Another barrier to better data-informed decision making in government is the feeling that all research needs to be of a similar standard to be valid. There’s often a sense that if something’s not collected “properly” it’s not useful. Instead, we should be considering what’s proportional to the decision at hand and evidencing the reasons for the decisions made more transparently.

There are some very real risks when building a digital product. Information security is always the highest priority and treated very carefully. But there are other decisions where risks are smaller and less likely. In these cases, data-informed decisions can still be made but a less rigorous methodology can be applied.

For example, I did some work on improving the efficiency of a SQL view that was a data source for a Power Bi dashboard. It was a well used report, so there wasn’t zero risk but it wasn’t so risky that I needed a rigorous method for collecting data on it.

My simple approach: I ran the old SQL query 5 times and took an average run time from those. I did the same for the new query and compared the two. This gave me an estimated time saving. I knew the report was typically used by senior stakeholders. In theory, I could have found an estimated cost of their time and multiplied that by the time saving.

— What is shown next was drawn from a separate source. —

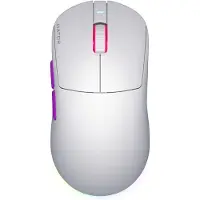 HATOR Quasar 3 Ultra 8K Wireless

It’s important to remember that there’s no perfect method for collecting data. Instead, we need to build confidence in making decisions based on what’s rigorous enough in any given circumstances.

Source of the data

Closely related to the above is the confidence to understand and evaluate the source of the data. Climate change reporting is a good example. When reporting on air temperature, one geographical area’s dataset might come from a local weather station in a remote location and others from infrared sensors. 

At a high level, these air temperature values would be considered reasonably comparable, despite their different collection methods.

We need to be confident not only in the data itself but also in our ability to understand how it was collected and what the possible limitations of that are. This doesn’t mean discrediting any one source entirely but instead understanding it as fully as we can.

Data-informed and choice

There is sometimes a feeling that data-informed decision making is a step towards removing the human element of the process entirely, which makes people nervous.

Even when given the exact same information, not everyone will make the same decision. It takes confidence to accept that and realise it doesn’t mean the information wasn’t important in the first place. Data will inherently have biases, and as humans, we can adjust for those biases when necessary.

An example of this is the European Union’s Gender Directive. Despite data which showed gender having a significant influence on healthcare claims, insurers were prohibited from using gender as a factor when setting premiums for health insurance. Data will give us insight but it’s up to us to decide how to move forward.

Sharing the responsibility across disciplines

Confidence in working with data can vary a lot and is often siloed to specific teams or disciplines. People who don’t have conventional ‘data’ titles can feel separate from ‘data work’, creating bigger gaps between them and those that do.

So, for decision makers who don’t come from a data-centric background, how easy is it to make confident, data- informed decisions?

Multidisciplinary teams work well when people have specialist experience but with a shared understanding of one another’s role. The more everyone can get involved with conversations about data and build their confidence, the more opportunity will arise to build, test and learn quickly and with less risk. 

Normalising working with data

Building a culture of confident, data-informed decision making won’t happen overnight. But it starts with shared responsibility, practical understanding, and a willingness to question. The more we normalise working with data as part of everyday decision-making across roles, teams, and disciplines, the better positioned we are to deliver services that are not just efficient, but truly effective.